4.3 O Caso Daniella Perez

Em 1992, o assassinato brutal da atriz Daniella Perez, filha da autora Glória Perez, também foi amplamente coberto pela mídia. O caso gerou comoção nacional, em grande parte devido à brutalidade do crime e à relação entre os envolvidos, incluindo Guilherme de Pádua, colega de elenco de Daniella. A cobertura da mídia tornou-se um espetáculo em si, focando nos aspectos mais sensacionalistas da tragédia. Guilherme e sua esposa, Paula Thomaz, acabaram condenados, mas a cobertura do caso e a pressão pública ajudaram a moldar a narrativa, influenciando o julgamento de forma significativa.

Glória Perez, desesperada com a possibilidade de seus filhos assassinos saírem em liberdade, lançou uma campanha para transformar o homicídio qualificado em crime hediondo. Com isso, ela obteve mais de 1 milhão de assinaturas, promovendo uma iniciativa legislativa que visava garantir punições mais severas para crimes como o que vitimou sua filha (Lavaqui, 2021).

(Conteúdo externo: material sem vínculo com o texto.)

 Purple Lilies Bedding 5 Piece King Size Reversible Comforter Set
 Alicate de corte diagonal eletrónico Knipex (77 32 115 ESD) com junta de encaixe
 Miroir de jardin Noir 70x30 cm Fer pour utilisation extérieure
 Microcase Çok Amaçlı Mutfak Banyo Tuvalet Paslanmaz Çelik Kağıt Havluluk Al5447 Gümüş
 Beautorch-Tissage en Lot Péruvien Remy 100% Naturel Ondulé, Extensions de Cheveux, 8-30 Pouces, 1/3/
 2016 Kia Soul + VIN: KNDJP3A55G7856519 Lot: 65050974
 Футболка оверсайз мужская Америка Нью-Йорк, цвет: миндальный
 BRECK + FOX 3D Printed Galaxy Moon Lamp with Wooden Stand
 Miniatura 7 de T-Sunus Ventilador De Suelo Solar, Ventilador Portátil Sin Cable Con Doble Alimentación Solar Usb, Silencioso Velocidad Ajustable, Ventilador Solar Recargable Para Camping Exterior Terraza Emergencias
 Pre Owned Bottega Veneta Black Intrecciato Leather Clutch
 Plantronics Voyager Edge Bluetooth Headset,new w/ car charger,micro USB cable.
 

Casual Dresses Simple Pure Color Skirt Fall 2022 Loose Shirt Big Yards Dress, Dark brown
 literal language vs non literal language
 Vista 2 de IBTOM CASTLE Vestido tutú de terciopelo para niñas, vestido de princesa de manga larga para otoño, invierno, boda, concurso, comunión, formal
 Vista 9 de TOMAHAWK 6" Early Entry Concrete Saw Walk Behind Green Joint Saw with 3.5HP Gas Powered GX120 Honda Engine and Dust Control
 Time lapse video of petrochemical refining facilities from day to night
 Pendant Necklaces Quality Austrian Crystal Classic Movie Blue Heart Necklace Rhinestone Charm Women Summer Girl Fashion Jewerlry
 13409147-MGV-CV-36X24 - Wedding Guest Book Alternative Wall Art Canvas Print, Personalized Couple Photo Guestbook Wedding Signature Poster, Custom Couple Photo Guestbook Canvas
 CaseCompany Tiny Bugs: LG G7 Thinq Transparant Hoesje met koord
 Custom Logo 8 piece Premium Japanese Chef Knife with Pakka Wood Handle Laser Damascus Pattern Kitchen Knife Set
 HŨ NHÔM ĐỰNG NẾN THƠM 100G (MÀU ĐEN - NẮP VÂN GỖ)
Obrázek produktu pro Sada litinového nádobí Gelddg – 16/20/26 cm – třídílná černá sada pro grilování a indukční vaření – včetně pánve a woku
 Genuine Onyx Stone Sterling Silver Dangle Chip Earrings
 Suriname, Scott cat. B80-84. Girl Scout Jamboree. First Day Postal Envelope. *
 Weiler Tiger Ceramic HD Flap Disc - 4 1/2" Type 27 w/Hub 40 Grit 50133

Esses casos ilustram como a mídia não apenas informa, mas muitas vezes molda e distorce a percepção pública sobre os eventos, influenciando o próprio processo judicial e a forma como a justiça é percebida e administrada pela sociedade.

5. CONCLUSÃO 

A investigação sobre a influência da mídia na consolidação da “cultura do medo” e seu efeito no Tribunal do Júri demonstra que a maneira como a mídia aborda questões de violência e criminalidade têm um impacto considerável na percepção das pessoas e no sistema judicial. O sensacionalismo midiático, ao exagerar na apresentação de cenas violentas e tratar casos de maneira tendenciosa, intensifica o medo na sociedade, distorcendo a realidade e prejudicando a imparcialidade do julgamento. Essa influência sobre os jurados, que muitas vezes se deixam levar por opiniões públicas formadas previamente, compromete a funcionalidade do Tribunal do Júri, que deveria ser um ambiente para julgamentos justos, fundamentados em evidências concretas.

Adicionalmente, a veiculação precoce de informações sobre os réus na mídia prejudica a garantia da presunção de inocência, criando um estigma social que pode persistir mesmo após a absolvição. A sociedade, influenciada pelo sensacionalismo, costuma vincular o ato de ser investigado à prática de um crime, o que leva à marginalização dos indivíduos, independentemente do desfecho do processo legal.

A conclusão enfatiza que, embora a mídia exerça uma função educativa e de conscientização social, sua abordagem atual, ao focar em audiência e espetáculo, não atende a essas responsabilidades de maneira adequada. Há uma necessidade urgente de uma postura mais equilibrada e ética na cobertura de crimes, não apenas para assegurar a imparcialidade nos julgamentos, mas também para fomentar uma sociedade mais justa que valorize a reintegração de pessoas inocentes e respeite princípios constitucionais, como a presunção de inocência. A mídia deveria ser considerada não só como um meio de divulgação de informações, mas também como um agente responsável na formação da opinião pública e na defesa da justiça social.